The focus has shifted: we can now see that human development has a critical influence on the risk of developing obesity, diabetes, and cardiovascular disease and probably on many other aspects of what makes us what we are. Now we can begin to see how our parents affect that development, although it is not through the genetic mechanism which the Human Genome Project had hoped to reveal (but did not). Rather, our developmental environment affects epigenetic gene switches which are set in expectation of the world in which we predict that we will live later. These processes appear to have evolved so that the prediction can change aspects of our bodies to maximize our survival until reproductive age, and reproductive fitness itself. The mismatches of our modern world, and our longer lives, have now made the epigenetic switches inappropriate, resulting in a greater risk of disease. With this information we can predict with greater certainty than ever before the likelihood that a child will become obese, and so be on the risky road to diabetes or cardiovascular disease.
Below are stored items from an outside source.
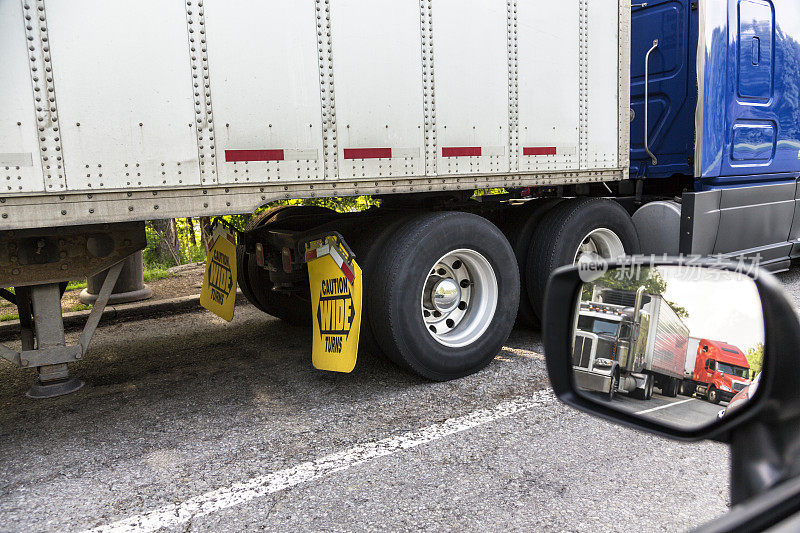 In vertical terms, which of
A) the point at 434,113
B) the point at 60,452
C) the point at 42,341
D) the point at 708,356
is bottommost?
the point at 60,452

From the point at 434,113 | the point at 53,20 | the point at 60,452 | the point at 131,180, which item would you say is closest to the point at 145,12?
the point at 53,20

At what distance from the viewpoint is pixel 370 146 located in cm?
394

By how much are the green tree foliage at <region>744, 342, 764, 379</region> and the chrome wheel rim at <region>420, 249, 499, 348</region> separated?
3.17 metres

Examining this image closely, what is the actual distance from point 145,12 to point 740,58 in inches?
210

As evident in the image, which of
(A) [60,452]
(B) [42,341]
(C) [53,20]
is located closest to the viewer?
(C) [53,20]

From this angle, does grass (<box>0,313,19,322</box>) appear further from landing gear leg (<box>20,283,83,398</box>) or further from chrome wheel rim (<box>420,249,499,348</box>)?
chrome wheel rim (<box>420,249,499,348</box>)

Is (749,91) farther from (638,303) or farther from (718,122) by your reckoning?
(638,303)

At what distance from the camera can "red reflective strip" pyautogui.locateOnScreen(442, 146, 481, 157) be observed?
167 inches

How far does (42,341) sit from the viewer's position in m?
3.65

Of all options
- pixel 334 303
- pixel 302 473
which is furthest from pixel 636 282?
pixel 334 303

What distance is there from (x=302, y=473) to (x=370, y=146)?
6.32 ft

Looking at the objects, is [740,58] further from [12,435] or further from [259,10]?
[12,435]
The implications are broader than just having new knowledge. As epigenetic measurements become more established we can use that
information in many ways. We can use it in research to find out what mothers should do to get the best outcomes for their pregnancies. We can use it to predict the probable destiny of tomorrow’s children, and we can then use it to see whether various ways of bringing up our children—what and how we feed them, for example—might give them the healthiest possible destiny.

We can imagine (and we know from experience!) that about half of those reading this will be somewhat annoyed, maybe even a little angry, about this. Are we saying that what happens to us is all our mother’s fault? That the responsibility for chronic disease, and the solution to it—and the blame for it too—rest entirely with women?